EXERCISE: What's needed is a full, exact retyping of the records.

Stored dataset items
━━━━━━━━━━━━━━━━

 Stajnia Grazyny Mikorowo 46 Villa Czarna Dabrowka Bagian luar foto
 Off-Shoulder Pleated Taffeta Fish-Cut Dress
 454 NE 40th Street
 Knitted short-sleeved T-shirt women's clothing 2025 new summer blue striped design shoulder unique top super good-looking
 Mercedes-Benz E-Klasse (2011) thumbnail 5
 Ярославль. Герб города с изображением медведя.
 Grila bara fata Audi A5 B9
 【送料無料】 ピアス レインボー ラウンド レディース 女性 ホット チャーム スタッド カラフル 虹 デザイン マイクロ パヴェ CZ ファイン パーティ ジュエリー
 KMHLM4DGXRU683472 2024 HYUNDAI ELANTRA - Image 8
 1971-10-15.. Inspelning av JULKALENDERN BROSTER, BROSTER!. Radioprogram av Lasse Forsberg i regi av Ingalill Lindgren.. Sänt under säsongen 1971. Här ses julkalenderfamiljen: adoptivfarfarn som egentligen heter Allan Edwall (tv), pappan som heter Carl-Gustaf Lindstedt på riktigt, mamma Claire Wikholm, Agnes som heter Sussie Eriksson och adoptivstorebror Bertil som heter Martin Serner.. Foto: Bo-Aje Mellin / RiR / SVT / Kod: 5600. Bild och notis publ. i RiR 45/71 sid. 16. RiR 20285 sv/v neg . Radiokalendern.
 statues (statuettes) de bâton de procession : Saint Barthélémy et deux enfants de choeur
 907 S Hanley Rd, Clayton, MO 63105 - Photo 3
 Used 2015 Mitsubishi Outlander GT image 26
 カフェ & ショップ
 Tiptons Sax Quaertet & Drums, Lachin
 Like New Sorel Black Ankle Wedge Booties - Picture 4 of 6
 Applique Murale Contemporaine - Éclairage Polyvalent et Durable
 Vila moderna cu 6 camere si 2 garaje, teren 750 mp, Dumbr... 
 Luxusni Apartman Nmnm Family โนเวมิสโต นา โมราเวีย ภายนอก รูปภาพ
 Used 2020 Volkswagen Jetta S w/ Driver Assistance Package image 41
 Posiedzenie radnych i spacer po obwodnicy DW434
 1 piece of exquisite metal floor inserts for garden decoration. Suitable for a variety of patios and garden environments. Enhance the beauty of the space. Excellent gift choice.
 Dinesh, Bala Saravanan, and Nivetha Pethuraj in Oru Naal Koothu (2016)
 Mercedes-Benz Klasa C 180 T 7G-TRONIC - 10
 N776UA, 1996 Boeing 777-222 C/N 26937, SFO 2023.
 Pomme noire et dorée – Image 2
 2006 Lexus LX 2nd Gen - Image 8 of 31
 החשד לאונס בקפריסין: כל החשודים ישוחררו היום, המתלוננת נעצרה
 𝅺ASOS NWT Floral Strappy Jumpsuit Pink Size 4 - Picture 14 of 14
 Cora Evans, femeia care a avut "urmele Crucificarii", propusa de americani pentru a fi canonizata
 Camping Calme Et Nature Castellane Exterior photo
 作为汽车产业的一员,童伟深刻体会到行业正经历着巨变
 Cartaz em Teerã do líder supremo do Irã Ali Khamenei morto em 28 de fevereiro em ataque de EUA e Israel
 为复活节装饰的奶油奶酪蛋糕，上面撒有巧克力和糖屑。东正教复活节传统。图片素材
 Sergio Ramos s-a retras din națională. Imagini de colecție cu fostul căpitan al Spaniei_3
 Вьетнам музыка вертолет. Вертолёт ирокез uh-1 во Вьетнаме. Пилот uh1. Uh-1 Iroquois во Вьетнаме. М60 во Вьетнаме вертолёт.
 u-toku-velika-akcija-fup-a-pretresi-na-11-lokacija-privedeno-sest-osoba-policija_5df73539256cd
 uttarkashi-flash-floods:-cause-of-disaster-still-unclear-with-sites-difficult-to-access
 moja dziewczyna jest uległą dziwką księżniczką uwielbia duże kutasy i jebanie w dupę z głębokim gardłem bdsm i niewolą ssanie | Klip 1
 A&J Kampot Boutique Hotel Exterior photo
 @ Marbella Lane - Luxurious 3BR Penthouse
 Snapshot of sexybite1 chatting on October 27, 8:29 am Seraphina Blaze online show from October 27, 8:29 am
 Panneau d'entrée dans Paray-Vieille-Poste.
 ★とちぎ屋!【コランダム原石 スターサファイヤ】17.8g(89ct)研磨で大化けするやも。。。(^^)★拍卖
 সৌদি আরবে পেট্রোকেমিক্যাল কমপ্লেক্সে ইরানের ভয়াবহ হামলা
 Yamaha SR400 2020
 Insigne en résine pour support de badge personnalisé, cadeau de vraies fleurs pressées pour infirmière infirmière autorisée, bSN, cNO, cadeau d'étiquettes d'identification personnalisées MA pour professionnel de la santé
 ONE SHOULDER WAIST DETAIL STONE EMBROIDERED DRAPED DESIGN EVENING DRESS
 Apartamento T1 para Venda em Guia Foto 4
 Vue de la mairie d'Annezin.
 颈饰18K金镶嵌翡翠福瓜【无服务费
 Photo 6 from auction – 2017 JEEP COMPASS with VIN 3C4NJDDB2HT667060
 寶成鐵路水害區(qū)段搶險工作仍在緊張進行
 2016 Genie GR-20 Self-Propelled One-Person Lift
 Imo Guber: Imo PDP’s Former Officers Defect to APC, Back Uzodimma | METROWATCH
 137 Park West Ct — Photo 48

━━━━━━━━━━━━━━━━

WRITTEN SOLUTION:
 Stajnia Grazyny Mikorowo 46 Villa Czarna Dabrowka Bagian luar foto
 Off-Shoulder Pleated Taffeta Fish-Cut Dress
 454 NE 40th Street
 Knitted short-sleeved T-shirt women's clothing 2025 new summer blue striped design shoulder unique top super good-looking
 Mercedes-Benz E-Klasse (2011) thumbnail 5
 Ярославль. Герб города с изображением медведя.
 Grila bara fata Audi A5 B9
 【送料無料】 ピアス レインボー ラウンド レディース 女性 ホット チャーム スタッド カラフル 虹 デザイン マイクロ パヴェ CZ ファイン パーティ ジュエリー
 KMHLM4DGXRU683472 2024 HYUNDAI ELANTRA - Image 8
 1971-10-15.. Inspelning av JULKALENDERN BROSTER, BROSTER!. Radioprogram av Lasse Forsberg i regi av Ingalill Lindgren.. Sänt under säsongen 1971. Här ses julkalenderfamiljen: adoptivfarfarn som egentligen heter Allan Edwall (tv), pappan som heter Carl-Gustaf Lindstedt på riktigt, mamma Claire Wikholm, Agnes som heter Sussie Eriksson och adoptivstorebror Bertil som heter Martin Serner.. Foto: Bo-Aje Mellin / RiR / SVT / Kod: 5600. Bild och notis publ. i RiR 45/71 sid. 16. RiR 20285 sv/v neg . Radiokalendern.
 statues (statuettes) de bâton de procession : Saint Barthélémy et deux enfants de choeur
 907 S Hanley Rd, Clayton, MO 63105 - Photo 3
 Used 2015 Mitsubishi Outlander GT image 26
 カフェ & ショップ
 Tiptons Sax Quaertet & Drums, Lachin
 Like New Sorel Black Ankle Wedge Booties - Picture 4 of 6
 Applique Murale Contemporaine - Éclairage Polyvalent et Durable
 Vila moderna cu 6 camere si 2 garaje, teren 750 mp, Dumbr... 
 Luxusni Apartman Nmnm Family โนเวมิสโต นา โมราเวีย ภายนอก รูปภาพ
 Used 2020 Volkswagen Jetta S w/ Driver Assistance Package image 41
 Posiedzenie radnych i spacer po obwodnicy DW434
 1 piece of exquisite metal floor inserts for garden decoration. Suitable for a variety of patios and garden environments. Enhance the beauty of the space. Excellent gift choice.
 Dinesh, Bala Saravanan, and Nivetha Pethuraj in Oru Naal Koothu (2016)
 Mercedes-Benz Klasa C 180 T 7G-TRONIC - 10
 N776UA, 1996 Boeing 777-222 C/N 26937, SFO 2023.
 Pomme noire et dorée – Image 2
 2006 Lexus LX 2nd Gen - Image 8 of 31
 החשד לאונס בקפריסין: כל החשודים ישוחררו היום, המתלוננת נעצרה
 𝅺ASOS NWT Floral Strappy Jumpsuit Pink Size 4 - Picture 14 of 14
 Cora Evans, femeia care a avut "urmele Crucificarii", propusa de americani pentru a fi canonizata
 Camping Calme Et Nature Castellane Exterior photo
 作为汽车产业的一员,童伟深刻体会到行业正经历着巨变
 Cartaz em Teerã do líder supremo do Irã Ali Khamenei morto em 28 de fevereiro em ataque de EUA e Israel
 为复活节装饰的奶油奶酪蛋糕，上面撒有巧克力和糖屑。东正教复活节传统。图片素材
 Sergio Ramos s-a retras din națională. Imagini de colecție cu fostul căpitan al Spaniei_3
 Вьетнам музыка вертолет. Вертолёт ирокез uh-1 во Вьетнаме. Пилот uh1. Uh-1 Iroquois во Вьетнаме. М60 во Вьетнаме вертолёт.
 u-toku-velika-akcija-fup-a-pretresi-na-11-lokacija-privedeno-sest-osoba-policija_5df73539256cd
 uttarkashi-flash-floods:-cause-of-disaster-still-unclear-with-sites-difficult-to-access
 moja dziewczyna jest uległą dziwką księżniczką uwielbia duże kutasy i jebanie w dupę z głębokim gardłem bdsm i niewolą ssanie | Klip 1
 A&J Kampot Boutique Hotel Exterior photo
 @ Marbella Lane - Luxurious 3BR Penthouse
 Snapshot of sexybite1 chatting on October 27, 8:29 am Seraphina Blaze online show from October 27, 8:29 am
 Panneau d'entrée dans Paray-Vieille-Poste.
 ★とちぎ屋!【コランダム原石 スターサファイヤ】17.8g(89ct)研磨で大化けするやも。。。(^^)★拍卖
 সৌদি আরবে পেট্রোকেমিক্যাল কমপ্লেক্সে ইরানের ভয়াবহ হামলা
 Yamaha SR400 2020
 Insigne en résine pour support de badge personnalisé, cadeau de vraies fleurs pressées pour infirmière infirmière autorisée, bSN, cNO, cadeau d'étiquettes d'identification personnalisées MA pour professionnel de la santé
 ONE SHOULDER WAIST DETAIL STONE EMBROIDERED DRAPED DESIGN EVENING DRESS
 Apartamento T1 para Venda em Guia Foto 4
 Vue de la mairie d'Annezin.
 颈饰18K金镶嵌翡翠福瓜【无服务费
 Photo 6 from auction – 2017 JEEP COMPASS with VIN 3C4NJDDB2HT667060
 寶成鐵路水害區(qū)段搶險工作仍在緊張進行
 2016 Genie GR-20 Self-Propelled One-Person Lift
 Imo Guber: Imo PDP’s Former Officers Defect to APC, Back Uzodimma | METROWATCH
 137 Park West Ct — Photo 48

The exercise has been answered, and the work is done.